■ **Directions**: With pictures left out, retype exactly the lines from the one containing "Cow Lifting Machine" through the final line of the entries.

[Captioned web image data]
-.-.-
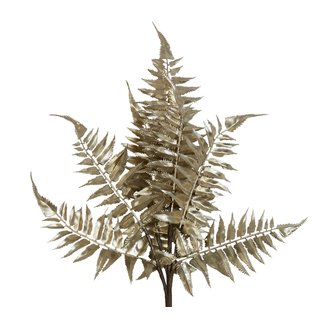 Light & Living Ornament 40 cm LEAF metallic licht goud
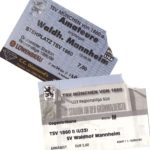 Tickets TSV 1860 München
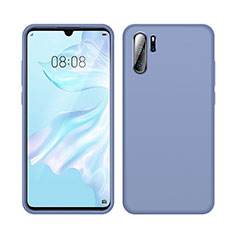 Ultra-thin Silicone Gel Soft Case 360 Degrees Cover C04 for Huawei P30 Pro New Edition Sky Blue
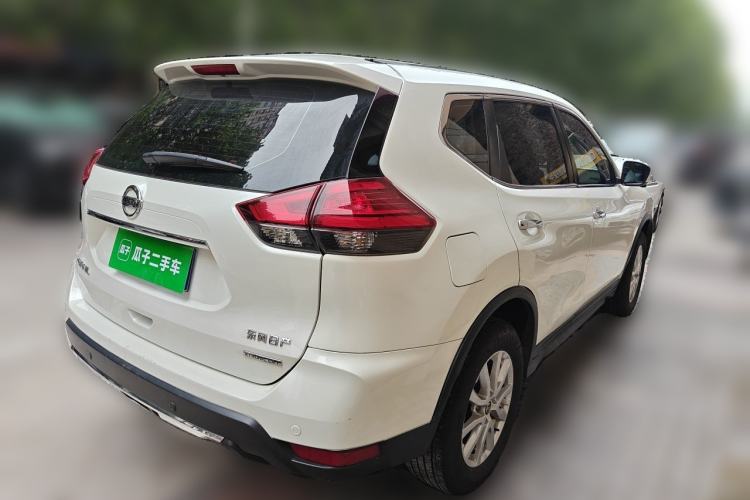 Used Nissan X-Trail 2019 2.0L CVT Smart Connect Comfort Edition 2WD Rear Right 45 Deg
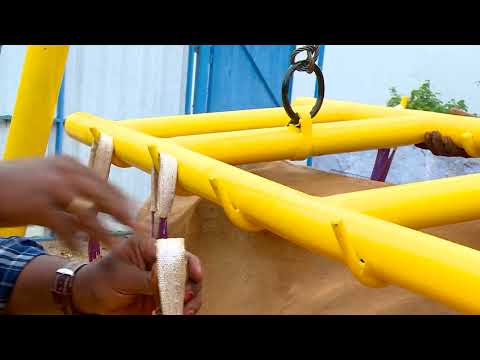 Cow Lifting Machine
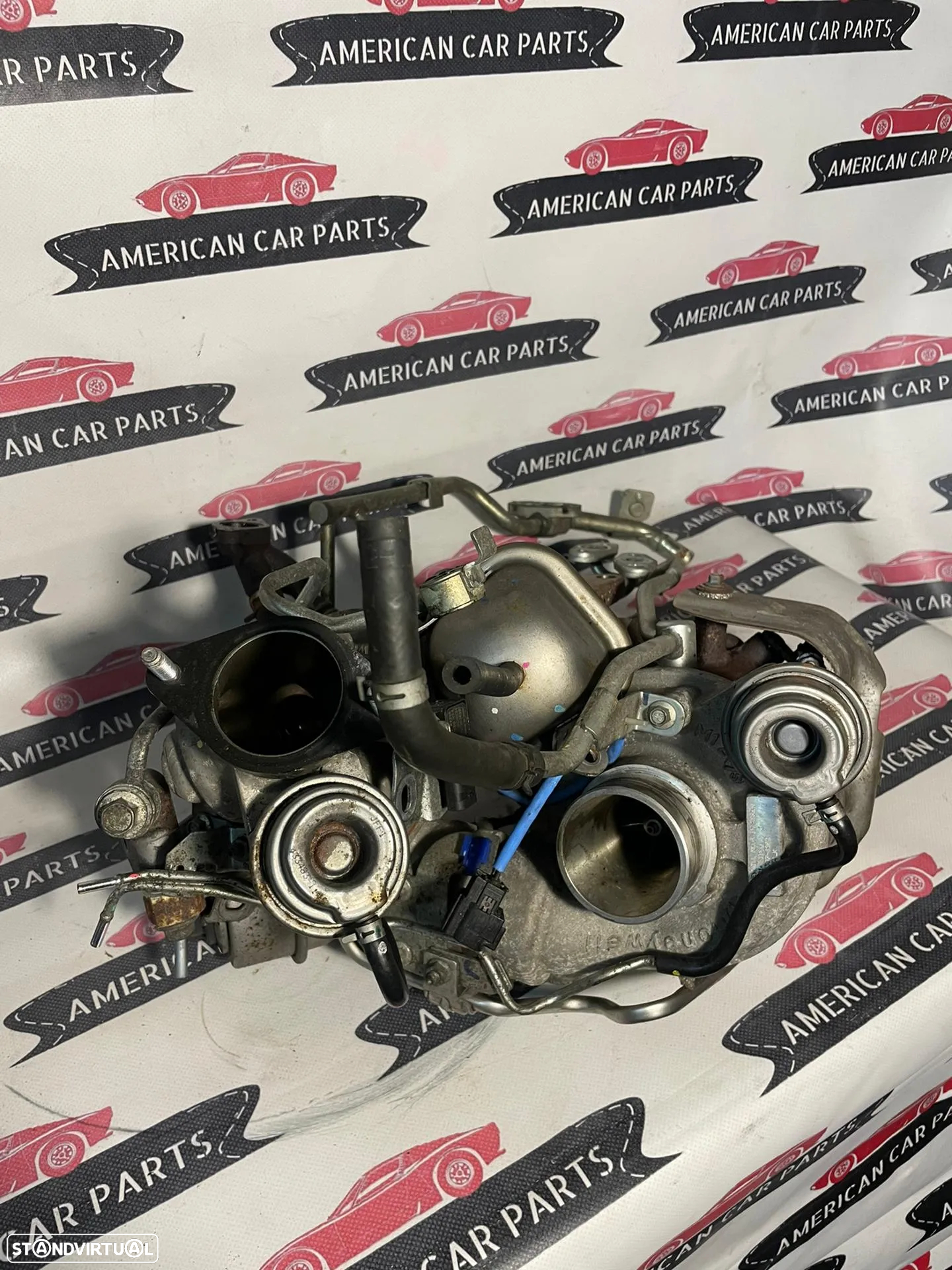 Turbo completo Mazda 6 2.2 2012-2017 11E7-0278 - 3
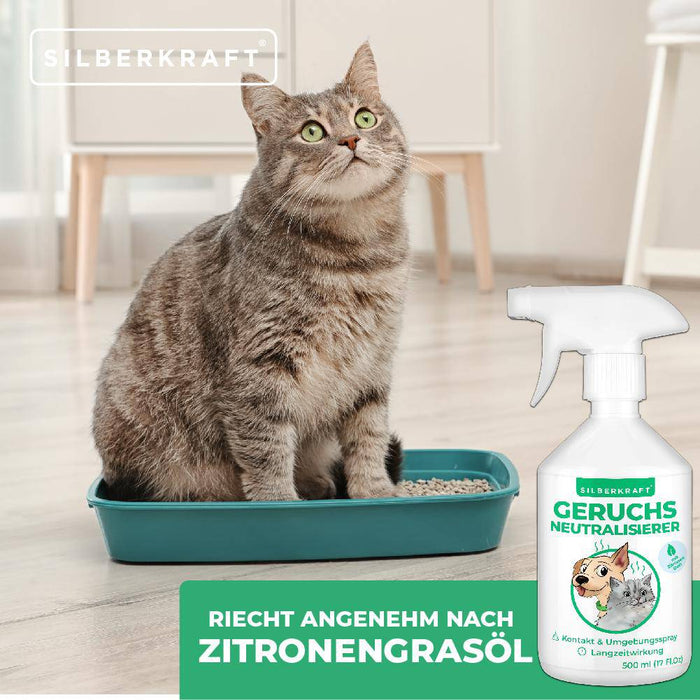 Neutralizator/usuwacz nieprzyjemnych zapachów - Silberkraft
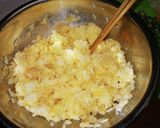 余りご飯☆プチっと鍋で簡単チャーハン作り方4写真
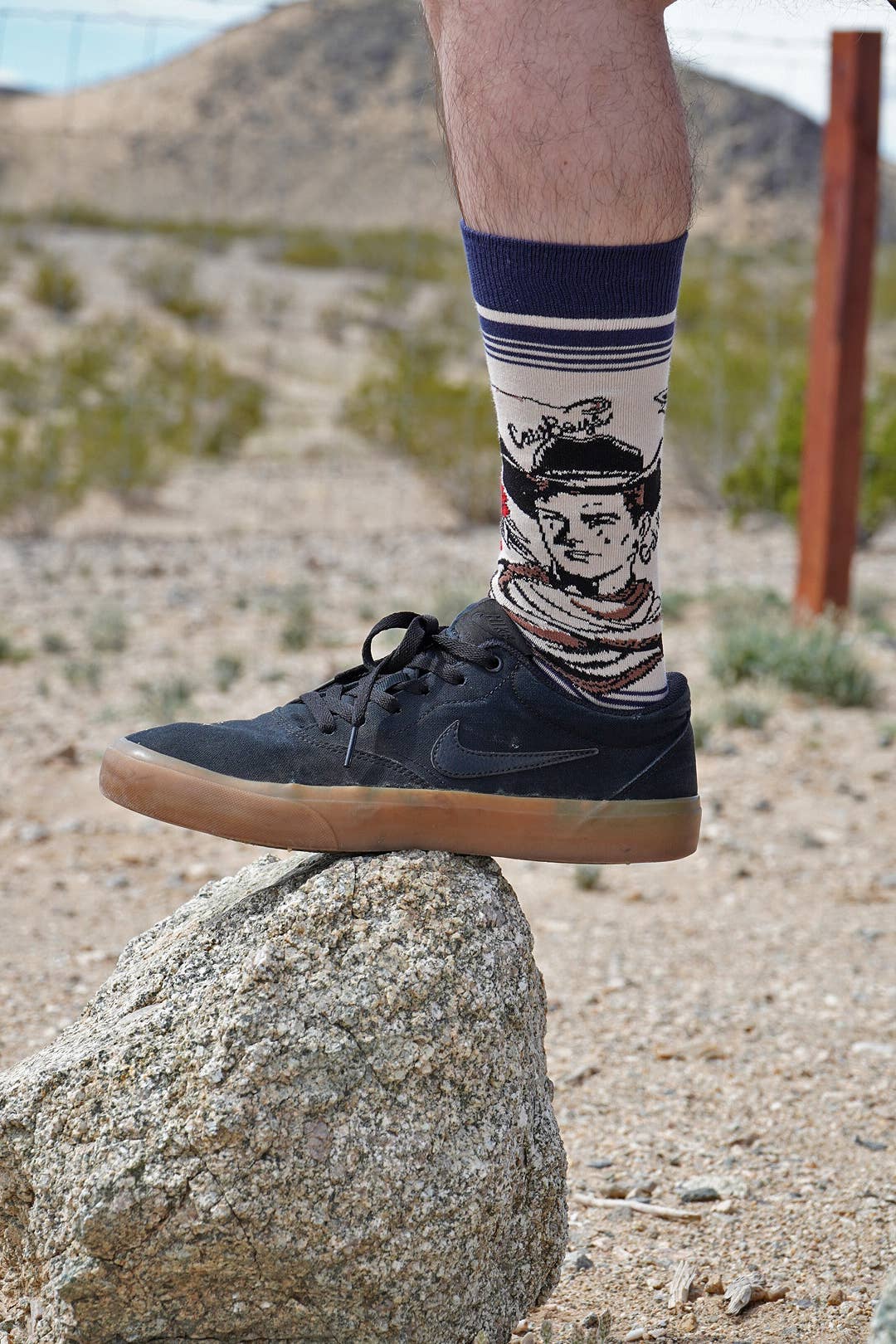 Cowboys Cry | Men's Western Premium Dress Crew Socks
-.-.-
■ **Task answer**:
 Cow Lifting Machine
 Turbo completo Mazda 6 2.2 2012-2017 11E7-0278 - 3
 Neutralizator/usuwacz nieprzyjemnych zapachów - Silberkraft
 余りご飯☆プチっと鍋で簡単チャーハン作り方4写真
 Cowboys Cry | Men's Western Premium Dress Crew Socks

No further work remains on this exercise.